# TASK TO CARRY OUT:
Transcribe, starting at the line with "Sanborn Fire Insurance" and ending at the line with "Mở ứng dụng", every line of the material below exactly, but leave out the pictures and anything outside that span.

# EXERCISE MATERIAL:
%%

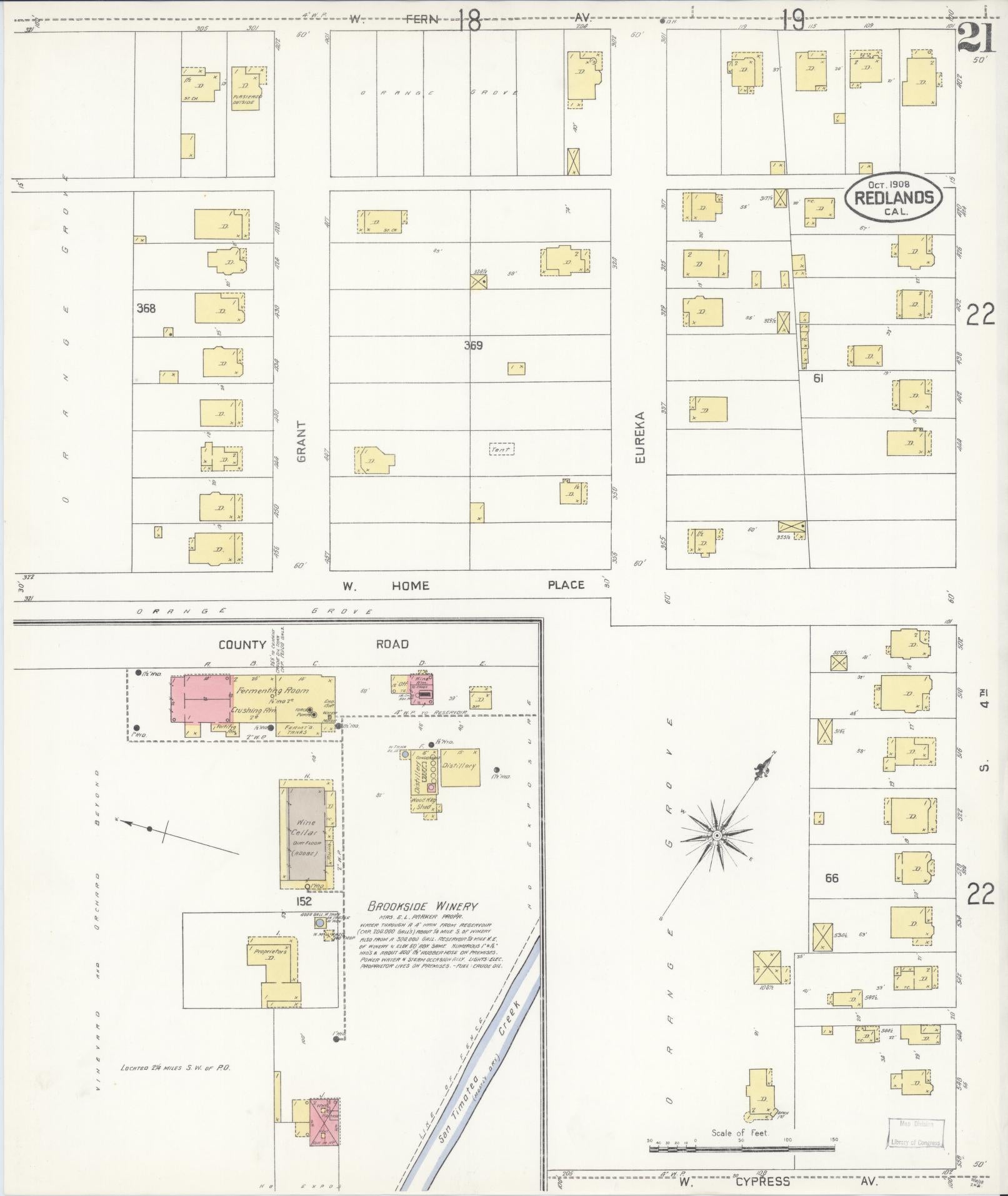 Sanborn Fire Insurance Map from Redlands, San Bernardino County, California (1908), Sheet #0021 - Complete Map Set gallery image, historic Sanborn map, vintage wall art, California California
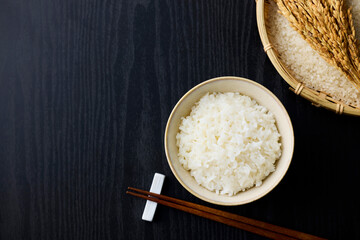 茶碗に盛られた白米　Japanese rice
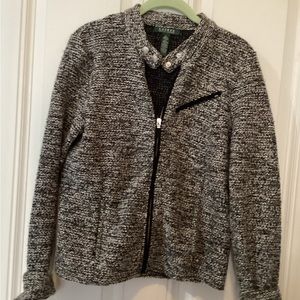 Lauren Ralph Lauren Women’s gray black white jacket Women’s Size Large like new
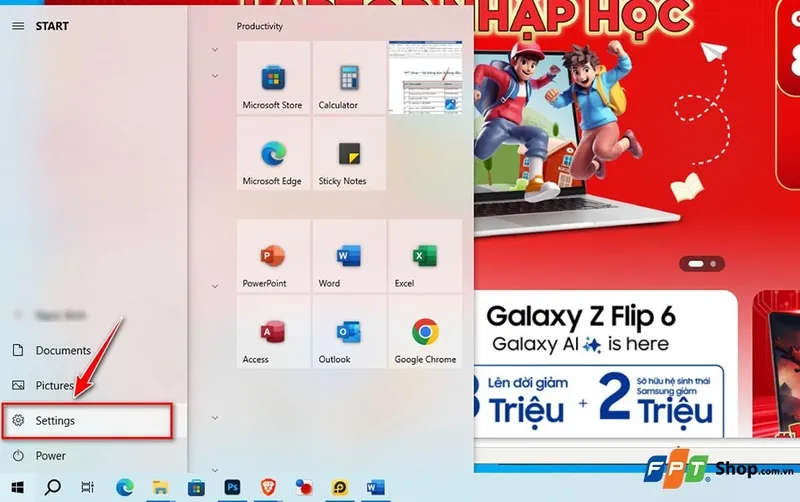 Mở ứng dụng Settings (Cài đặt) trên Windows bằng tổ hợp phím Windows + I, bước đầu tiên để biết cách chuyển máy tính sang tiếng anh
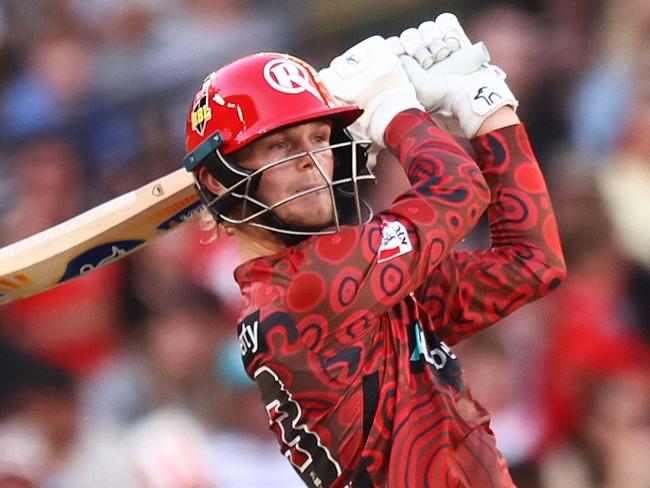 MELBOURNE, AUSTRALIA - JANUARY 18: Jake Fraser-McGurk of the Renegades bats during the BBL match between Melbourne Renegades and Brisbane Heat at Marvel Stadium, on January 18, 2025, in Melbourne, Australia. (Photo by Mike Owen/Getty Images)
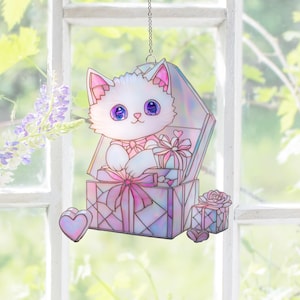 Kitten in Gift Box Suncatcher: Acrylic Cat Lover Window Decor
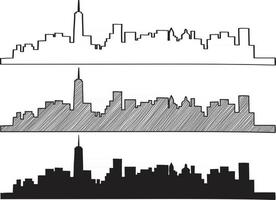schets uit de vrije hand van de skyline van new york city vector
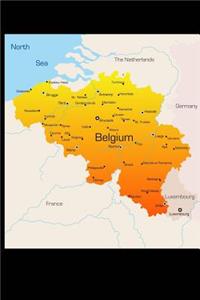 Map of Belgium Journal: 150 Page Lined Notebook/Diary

%%
%%

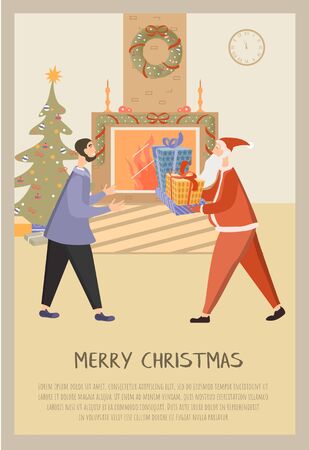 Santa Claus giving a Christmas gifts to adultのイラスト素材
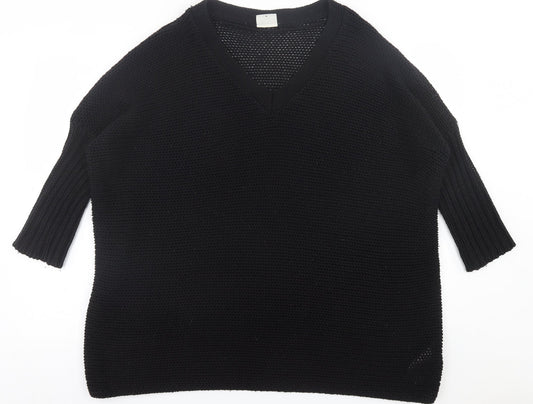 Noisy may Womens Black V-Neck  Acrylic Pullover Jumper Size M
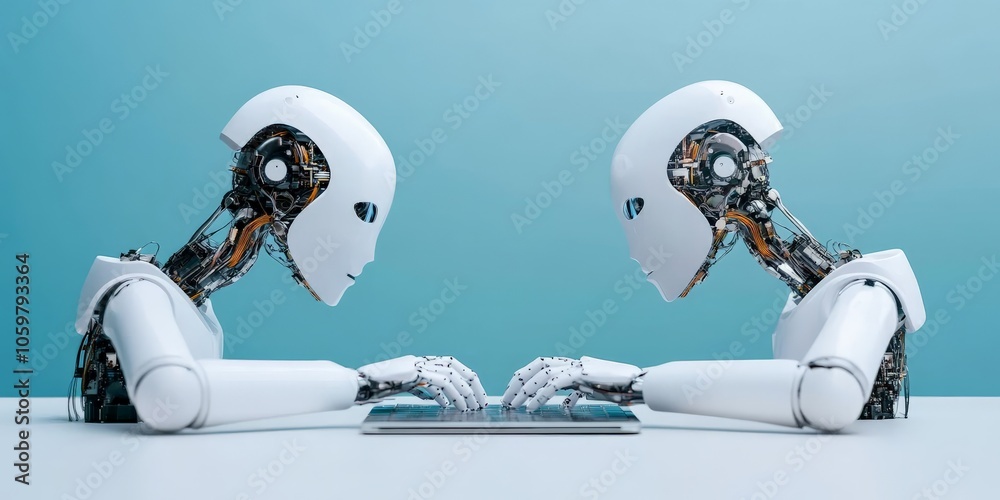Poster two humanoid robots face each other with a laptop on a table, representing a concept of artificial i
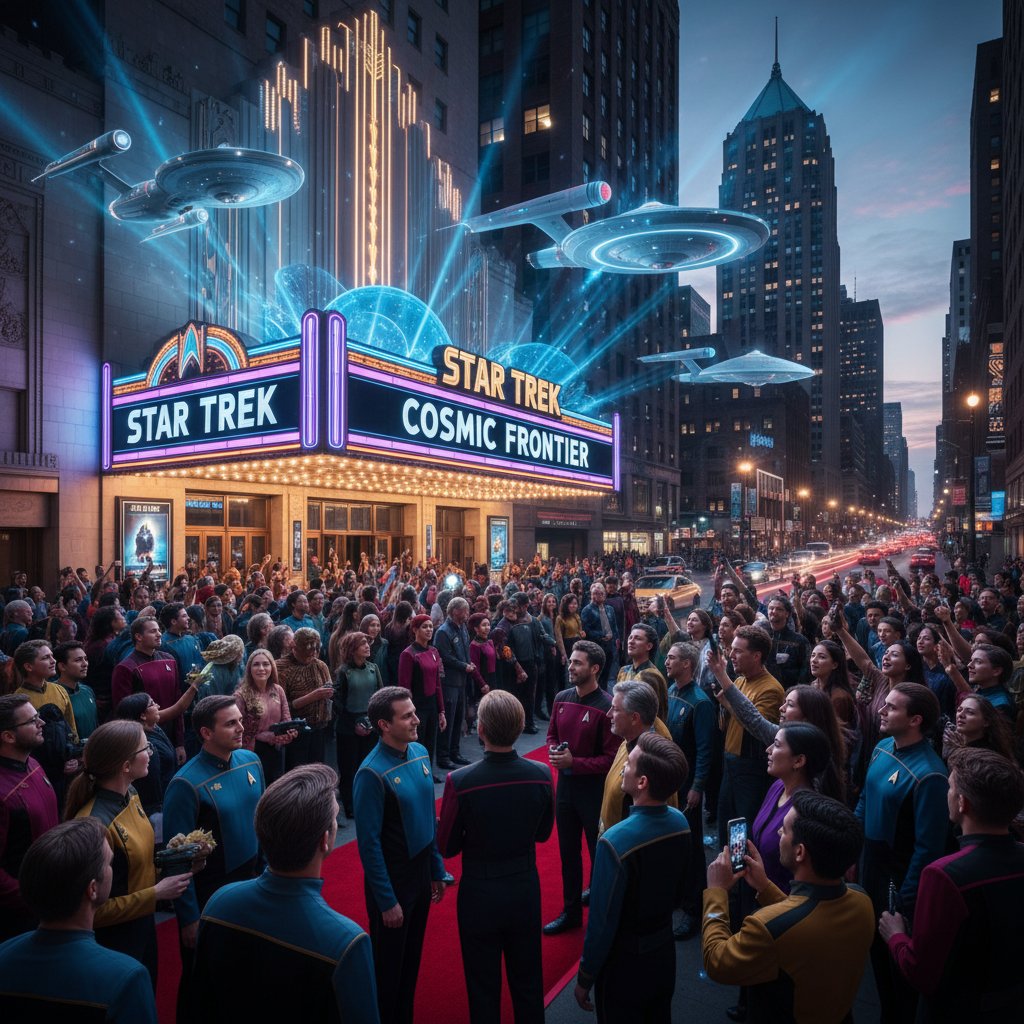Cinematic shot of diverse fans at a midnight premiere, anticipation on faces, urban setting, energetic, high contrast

%%
%%

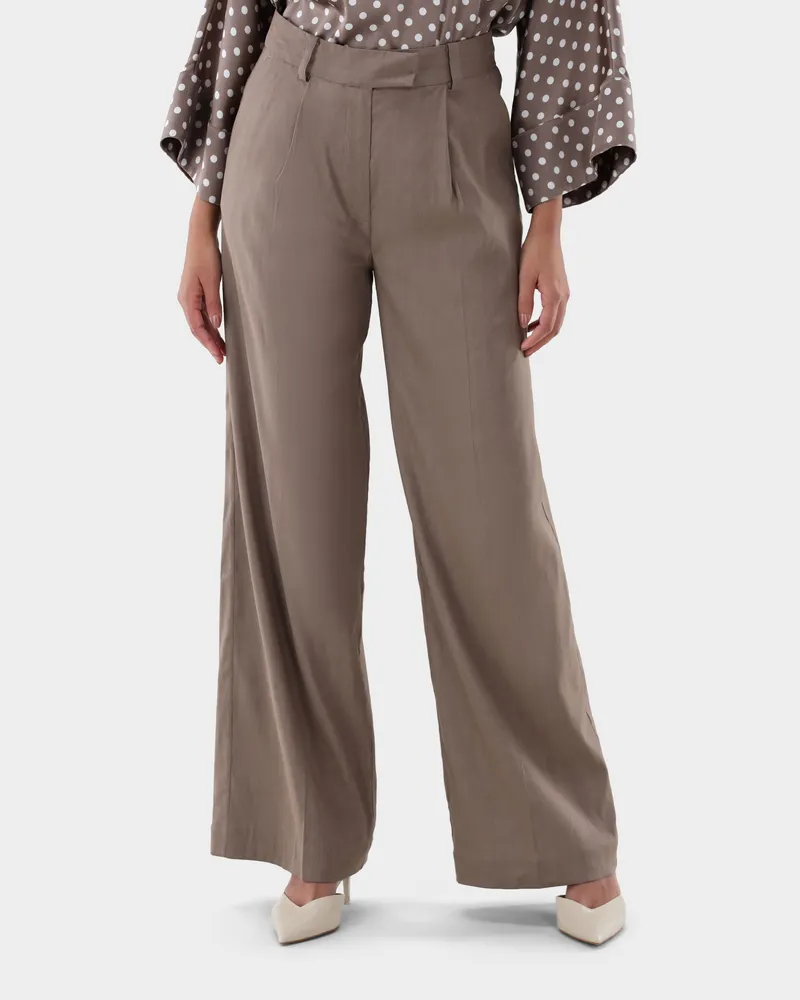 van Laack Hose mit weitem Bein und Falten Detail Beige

%%

# RESPONSE TO THE TASK:
 Sanborn Fire Insurance Map from Redlands, San Bernardino County, California (1908), Sheet #0021 - Complete Map Set gallery image, historic Sanborn map, vintage wall art, California California
 茶碗に盛られた白米　Japanese rice
 Lauren Ralph Lauren Women’s gray black white jacket Women’s Size Large like new
 Mở ứng dụng Settings (Cài đặt) trên Windows bằng tổ hợp phím Windows + I, bước đầu tiên để biết cách chuyển máy tính sang tiếng anh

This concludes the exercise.